## What you should do
Restate the records below word for word.

#### Extracted material

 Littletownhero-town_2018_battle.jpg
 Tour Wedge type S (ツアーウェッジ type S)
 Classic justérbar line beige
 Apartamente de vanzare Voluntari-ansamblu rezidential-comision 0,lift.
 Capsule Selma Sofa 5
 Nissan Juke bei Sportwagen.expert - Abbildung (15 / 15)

########

## Result for this task
 Littletownhero-town_2018_battle.jpg
 Tour Wedge type S (ツアーウェッジ type S)
 Classic justérbar line beige
 Apartamente de vanzare Voluntari-ansamblu rezidential-comision 0,lift.
 Capsule Selma Sofa 5
 Nissan Juke bei Sportwagen.expert - Abbildung (15 / 15)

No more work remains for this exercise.